Pick out each line below containing "priced".

++++++++++

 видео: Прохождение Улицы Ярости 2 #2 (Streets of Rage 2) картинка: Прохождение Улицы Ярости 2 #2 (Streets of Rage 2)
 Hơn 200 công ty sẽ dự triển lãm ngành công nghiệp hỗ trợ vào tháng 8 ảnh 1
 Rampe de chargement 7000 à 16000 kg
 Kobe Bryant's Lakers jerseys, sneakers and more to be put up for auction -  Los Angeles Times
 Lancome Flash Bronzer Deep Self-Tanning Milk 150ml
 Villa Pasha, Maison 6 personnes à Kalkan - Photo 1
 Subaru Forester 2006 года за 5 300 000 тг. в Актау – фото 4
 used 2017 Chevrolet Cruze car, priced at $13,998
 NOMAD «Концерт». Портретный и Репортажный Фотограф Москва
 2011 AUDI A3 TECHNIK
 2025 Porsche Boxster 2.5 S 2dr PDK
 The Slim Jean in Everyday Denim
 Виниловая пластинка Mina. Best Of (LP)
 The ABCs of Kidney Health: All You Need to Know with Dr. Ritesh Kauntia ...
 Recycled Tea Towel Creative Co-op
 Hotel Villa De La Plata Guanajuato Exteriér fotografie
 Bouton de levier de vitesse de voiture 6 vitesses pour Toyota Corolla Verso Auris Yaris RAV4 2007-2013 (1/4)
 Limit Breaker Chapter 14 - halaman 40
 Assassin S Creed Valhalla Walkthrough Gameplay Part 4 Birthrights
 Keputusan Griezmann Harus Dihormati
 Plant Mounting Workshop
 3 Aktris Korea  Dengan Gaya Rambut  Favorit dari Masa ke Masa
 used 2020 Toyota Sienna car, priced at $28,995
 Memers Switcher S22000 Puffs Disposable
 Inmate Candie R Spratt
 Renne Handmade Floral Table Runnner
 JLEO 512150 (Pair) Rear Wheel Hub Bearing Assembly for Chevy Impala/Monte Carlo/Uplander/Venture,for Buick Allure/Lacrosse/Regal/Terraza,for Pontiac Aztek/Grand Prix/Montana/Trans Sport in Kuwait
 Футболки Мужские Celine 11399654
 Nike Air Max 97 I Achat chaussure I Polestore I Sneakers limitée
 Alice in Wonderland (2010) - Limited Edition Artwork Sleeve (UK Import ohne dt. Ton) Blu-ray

++++++++++

- [Answer to the problem]
 used 2017 Chevrolet Cruze car, priced at $13,998
 used 2020 Toyota Sienna car, priced at $28,995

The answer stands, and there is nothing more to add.